## Exercise directions
The answer should contain every record below, output exactly.

[[ Materials provided, beginning ]]

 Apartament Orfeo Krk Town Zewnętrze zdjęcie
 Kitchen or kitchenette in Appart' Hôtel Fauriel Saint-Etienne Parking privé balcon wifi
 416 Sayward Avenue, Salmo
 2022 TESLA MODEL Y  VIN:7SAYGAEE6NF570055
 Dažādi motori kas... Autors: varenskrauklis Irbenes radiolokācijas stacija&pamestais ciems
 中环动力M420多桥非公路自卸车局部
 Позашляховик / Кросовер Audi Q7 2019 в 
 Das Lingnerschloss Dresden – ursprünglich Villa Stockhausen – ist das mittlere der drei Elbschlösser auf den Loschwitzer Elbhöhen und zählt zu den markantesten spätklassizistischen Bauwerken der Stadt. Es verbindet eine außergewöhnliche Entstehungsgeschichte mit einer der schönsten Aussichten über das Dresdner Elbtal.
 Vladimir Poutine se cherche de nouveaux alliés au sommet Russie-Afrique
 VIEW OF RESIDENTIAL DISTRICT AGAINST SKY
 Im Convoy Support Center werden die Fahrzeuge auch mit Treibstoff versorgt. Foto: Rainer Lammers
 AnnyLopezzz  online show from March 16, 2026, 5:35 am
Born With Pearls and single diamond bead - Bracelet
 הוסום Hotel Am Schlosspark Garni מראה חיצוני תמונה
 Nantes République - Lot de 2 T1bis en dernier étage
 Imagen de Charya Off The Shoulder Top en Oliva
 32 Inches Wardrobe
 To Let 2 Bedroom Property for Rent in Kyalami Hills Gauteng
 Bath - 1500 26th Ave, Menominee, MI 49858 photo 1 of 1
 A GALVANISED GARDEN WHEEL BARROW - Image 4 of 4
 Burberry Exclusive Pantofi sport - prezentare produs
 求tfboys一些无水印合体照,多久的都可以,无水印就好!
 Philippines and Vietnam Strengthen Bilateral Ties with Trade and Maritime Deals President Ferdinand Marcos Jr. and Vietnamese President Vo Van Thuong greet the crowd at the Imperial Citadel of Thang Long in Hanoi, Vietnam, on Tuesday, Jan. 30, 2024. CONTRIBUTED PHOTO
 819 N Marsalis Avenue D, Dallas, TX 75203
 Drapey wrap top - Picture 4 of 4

[[ Materials provided, end ]]

## Answer to this exercise
 Apartament Orfeo Krk Town Zewnętrze zdjęcie
 Kitchen or kitchenette in Appart' Hôtel Fauriel Saint-Etienne Parking privé balcon wifi
 416 Sayward Avenue, Salmo
 2022 TESLA MODEL Y  VIN:7SAYGAEE6NF570055
 Dažādi motori kas... Autors: varenskrauklis Irbenes radiolokācijas stacija&pamestais ciems
 中环动力M420多桥非公路自卸车局部
 Позашляховик / Кросовер Audi Q7 2019 в 
 Das Lingnerschloss Dresden – ursprünglich Villa Stockhausen – ist das mittlere der drei Elbschlösser auf den Loschwitzer Elbhöhen und zählt zu den markantesten spätklassizistischen Bauwerken der Stadt. Es verbindet eine außergewöhnliche Entstehungsgeschichte mit einer der schönsten Aussichten über das Dresdner Elbtal.
 Vladimir Poutine se cherche de nouveaux alliés au sommet Russie-Afrique
 VIEW OF RESIDENTIAL DISTRICT AGAINST SKY
 Im Convoy Support Center werden die Fahrzeuge auch mit Treibstoff versorgt. Foto: Rainer Lammers
 AnnyLopezzz  online show from March 16, 2026, 5:35 am
Born With Pearls and single diamond bead - Bracelet
 הוסום Hotel Am Schlosspark Garni מראה חיצוני תמונה
 Nantes République - Lot de 2 T1bis en dernier étage
 Imagen de Charya Off The Shoulder Top en Oliva
 32 Inches Wardrobe
 To Let 2 Bedroom Property for Rent in Kyalami Hills Gauteng
 Bath - 1500 26th Ave, Menominee, MI 49858 photo 1 of 1
 A GALVANISED GARDEN WHEEL BARROW - Image 4 of 4
 Burberry Exclusive Pantofi sport - prezentare produs
 求tfboys一些无水印合体照,多久的都可以,无水印就好!
 Philippines and Vietnam Strengthen Bilateral Ties with Trade and Maritime Deals President Ferdinand Marcos Jr. and Vietnamese President Vo Van Thuong greet the crowd at the Imperial Citadel of Thang Long in Hanoi, Vietnam, on Tuesday, Jan. 30, 2024. CONTRIBUTED PHOTO
 819 N Marsalis Avenue D, Dallas, TX 75203
 Drapey wrap top - Picture 4 of 4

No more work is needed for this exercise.